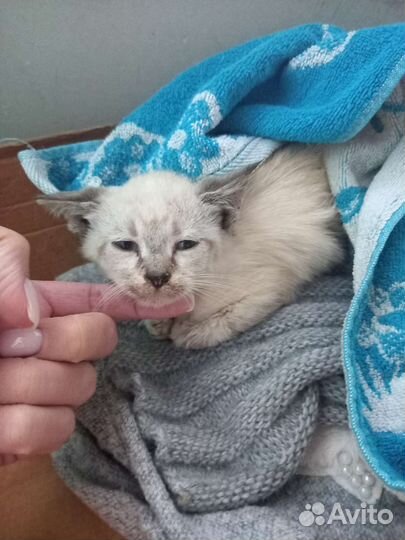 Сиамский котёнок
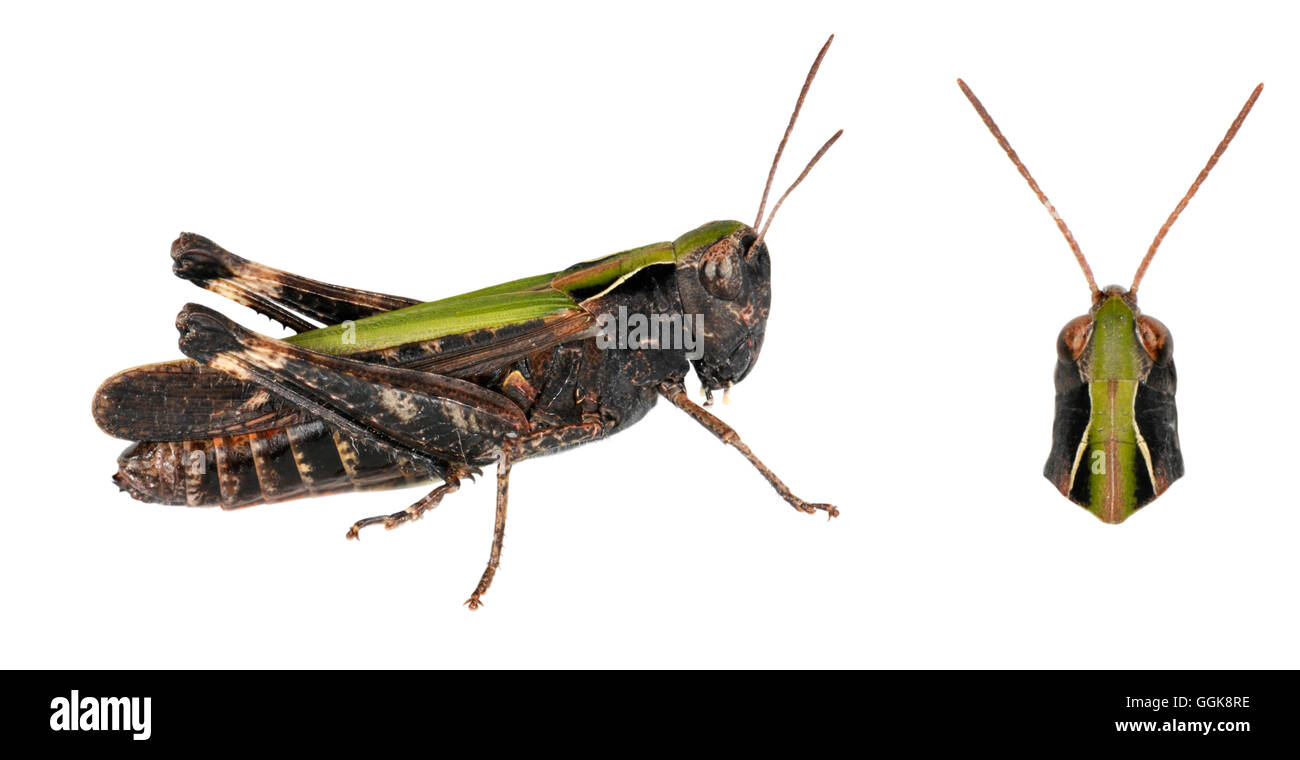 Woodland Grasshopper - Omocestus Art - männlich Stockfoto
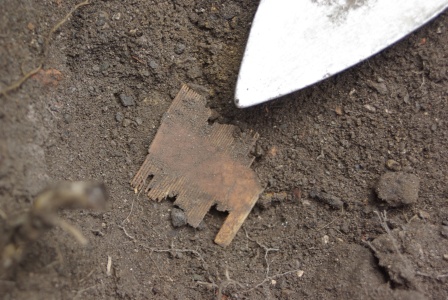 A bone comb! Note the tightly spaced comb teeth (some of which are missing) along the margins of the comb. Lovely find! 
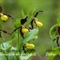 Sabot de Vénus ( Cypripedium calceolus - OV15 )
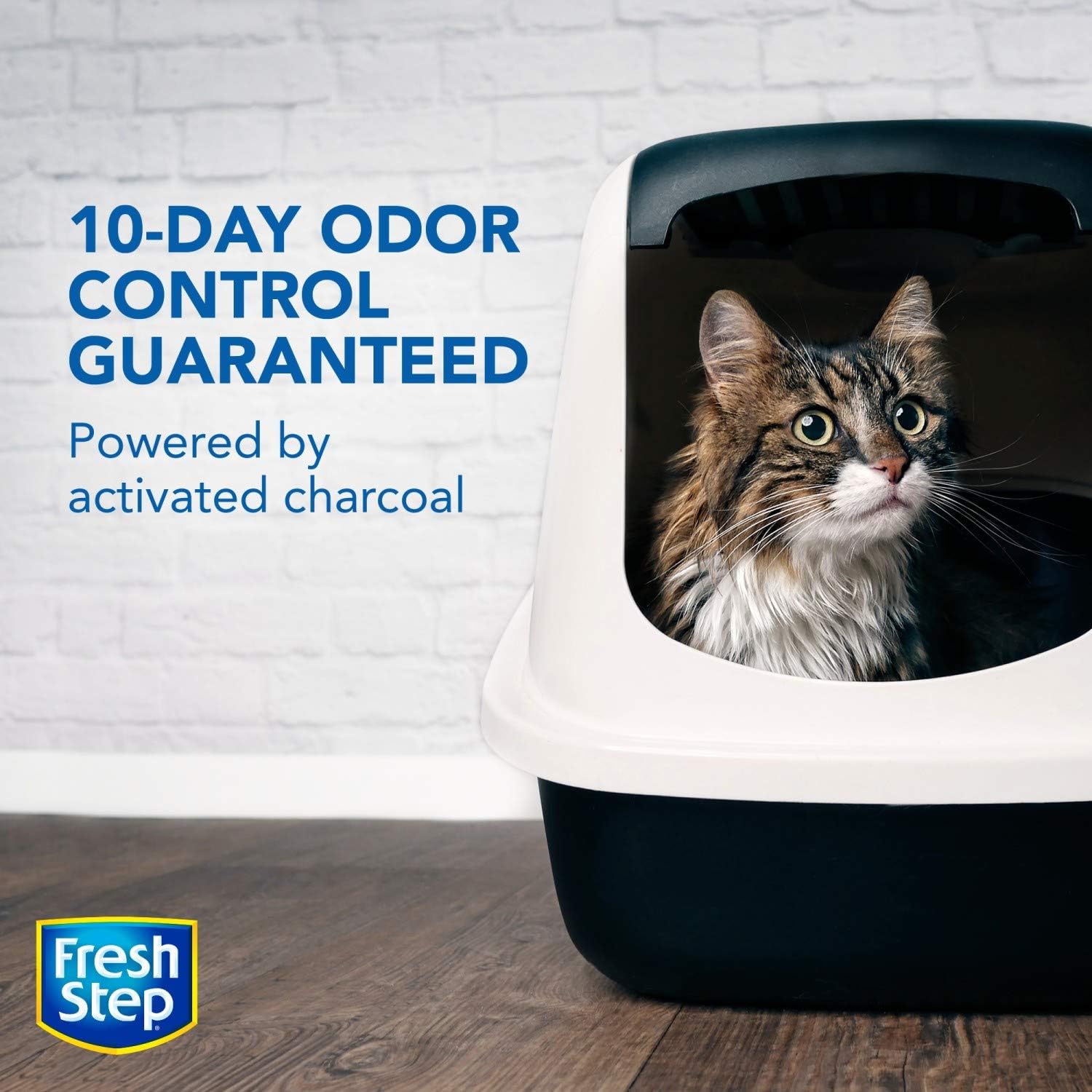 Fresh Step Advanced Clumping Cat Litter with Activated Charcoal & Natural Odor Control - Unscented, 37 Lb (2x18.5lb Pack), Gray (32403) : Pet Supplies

****************

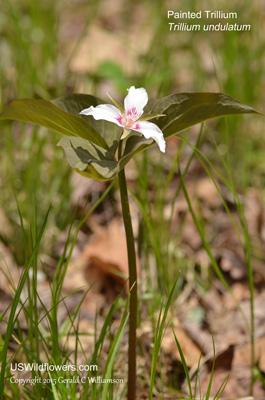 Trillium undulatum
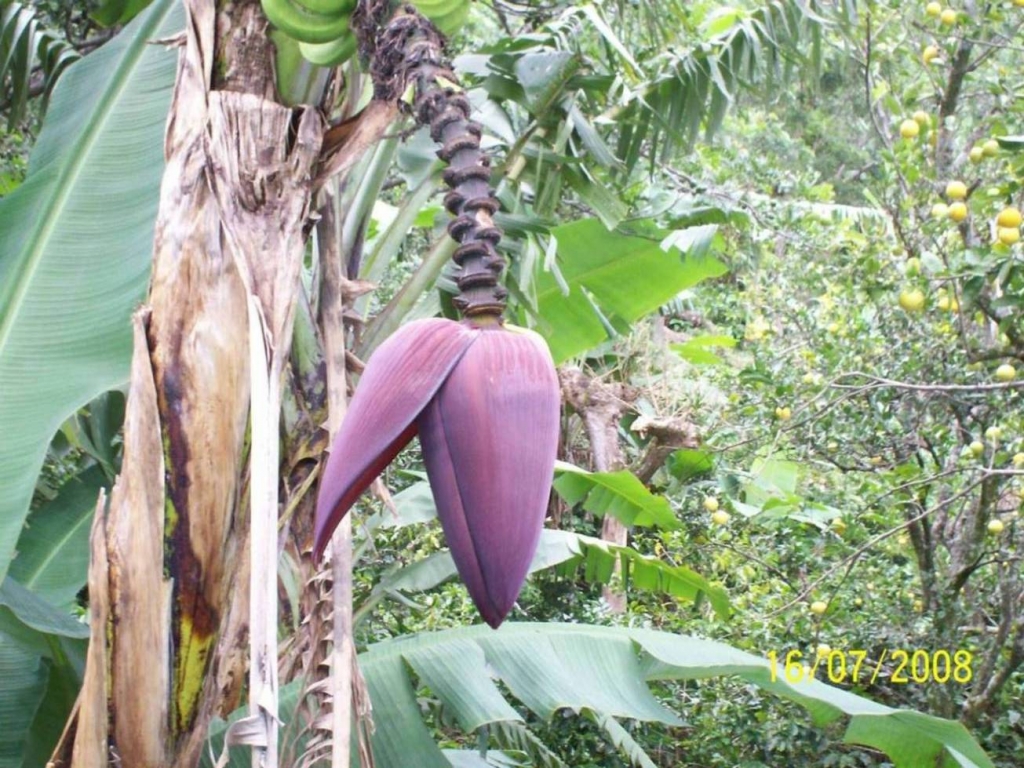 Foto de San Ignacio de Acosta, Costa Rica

****************

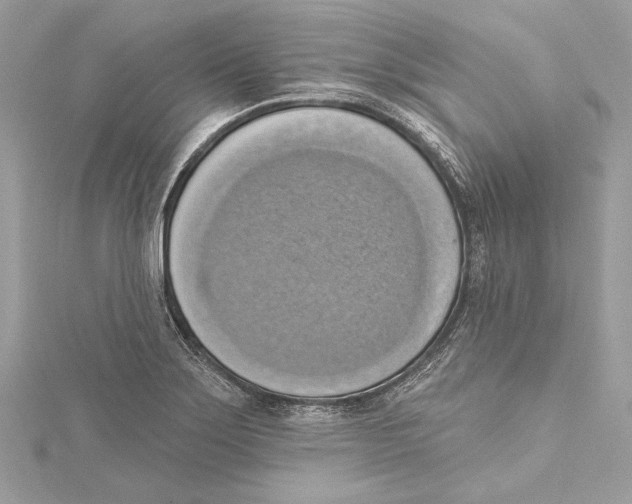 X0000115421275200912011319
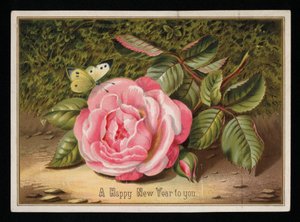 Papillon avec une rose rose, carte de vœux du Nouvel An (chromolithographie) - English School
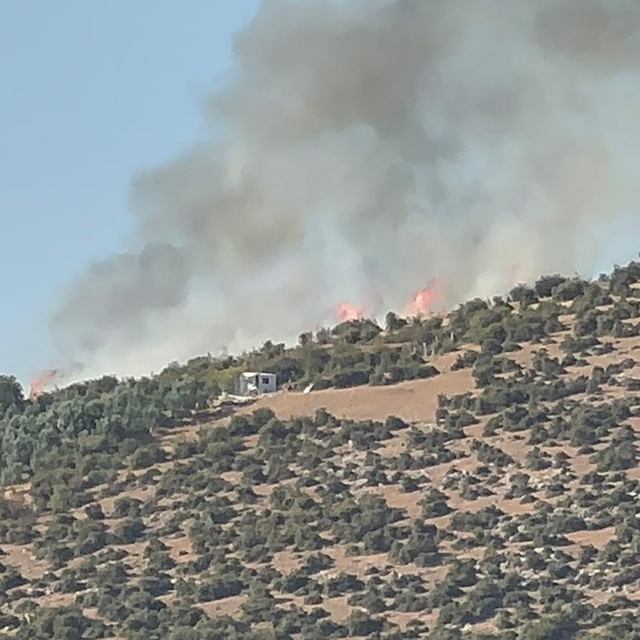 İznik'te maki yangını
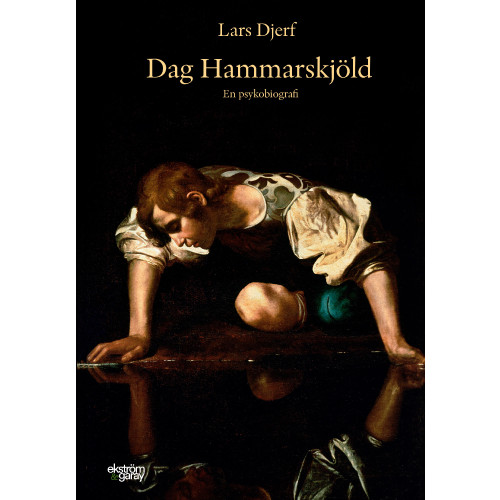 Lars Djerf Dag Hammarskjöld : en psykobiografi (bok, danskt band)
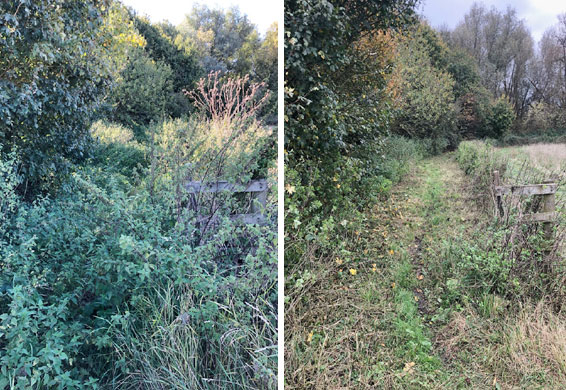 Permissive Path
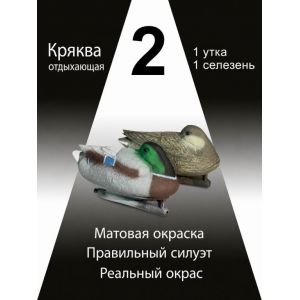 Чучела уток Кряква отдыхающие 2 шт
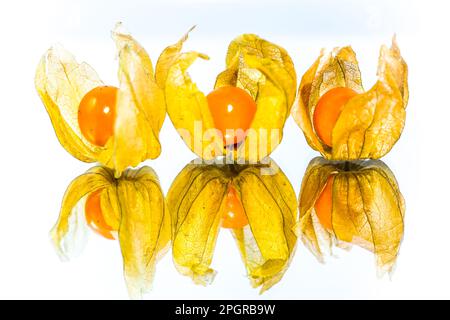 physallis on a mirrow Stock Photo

****************

Starting at the line with "Чучела уток Кряква отдыхающие 2 шт" and finishing at the line with "physallis on a mirrow Stock Photo", copy the material above exactly, both lines included. Nothing else goes in, and no pictures.

__RESPONSE FOR THIS EXERCISE__.
 Чучела уток Кряква отдыхающие 2 шт
 physallis on a mirrow Stock Photo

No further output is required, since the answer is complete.